19日間のファミリー
私は昔から生意気で、頼まれてもいないのにリーダーシップを取りたがる学級委員長タイプ。小学生の頃は、自分で気づかないうちに周囲の友人を傷つけることがあったのだろう。嫌われ者だった、と思う。
どうしたら「いい子」になれるのかわからなかった。中学校に入って少しだけ控えめになり、自分に自信が持てなくなって、両親によく「引っ込み思案で暗い」と言われた。
そんな自分を変えたい、なんて気持ちがあったのかは覚えていない。中学3年生の夏休み、ホームステイの募集を見て、これに行きたいと頼み込んだ。

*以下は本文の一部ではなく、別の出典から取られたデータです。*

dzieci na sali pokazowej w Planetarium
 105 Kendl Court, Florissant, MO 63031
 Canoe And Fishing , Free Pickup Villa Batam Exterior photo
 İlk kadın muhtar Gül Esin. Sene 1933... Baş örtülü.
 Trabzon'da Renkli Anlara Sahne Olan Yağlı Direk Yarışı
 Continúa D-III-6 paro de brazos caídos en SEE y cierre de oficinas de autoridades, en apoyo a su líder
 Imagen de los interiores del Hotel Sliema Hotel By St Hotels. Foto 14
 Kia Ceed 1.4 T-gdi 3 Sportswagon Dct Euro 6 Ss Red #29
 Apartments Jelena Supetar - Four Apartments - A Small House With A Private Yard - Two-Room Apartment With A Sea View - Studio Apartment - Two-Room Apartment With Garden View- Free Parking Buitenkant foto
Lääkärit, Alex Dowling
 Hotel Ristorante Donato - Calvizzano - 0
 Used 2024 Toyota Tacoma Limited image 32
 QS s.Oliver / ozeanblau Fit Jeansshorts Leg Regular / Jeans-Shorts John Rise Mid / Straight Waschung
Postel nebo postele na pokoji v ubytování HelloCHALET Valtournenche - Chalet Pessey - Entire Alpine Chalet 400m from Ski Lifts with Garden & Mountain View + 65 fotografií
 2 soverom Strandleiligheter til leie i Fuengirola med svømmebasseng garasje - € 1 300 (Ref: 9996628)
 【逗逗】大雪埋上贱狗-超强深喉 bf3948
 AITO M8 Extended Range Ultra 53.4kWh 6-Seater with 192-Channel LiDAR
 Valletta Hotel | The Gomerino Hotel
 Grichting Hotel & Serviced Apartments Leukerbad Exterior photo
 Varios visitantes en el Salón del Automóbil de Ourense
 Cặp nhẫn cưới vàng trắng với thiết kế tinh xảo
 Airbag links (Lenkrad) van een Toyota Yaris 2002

生まれて初めて家族と離れ、オーストラリアで過ごした夏休み。
最後の夜、ホストファザーとホストマザーに「こんなに内気で、うまく話せない私に、親切にしてくれてありがとう」と伝えた。2人は目を丸くして、「あなたは全然シャイじゃないわ、一緒に楽しく過ごしたでしょう?」と。
その言葉が、10年以上経ったいまも私の背中を押してくれている。
「旅する日本語」コンテスト応募作品
「#差添い」(さしぞい)・・・人を助け守るために付き添うこと、またその人。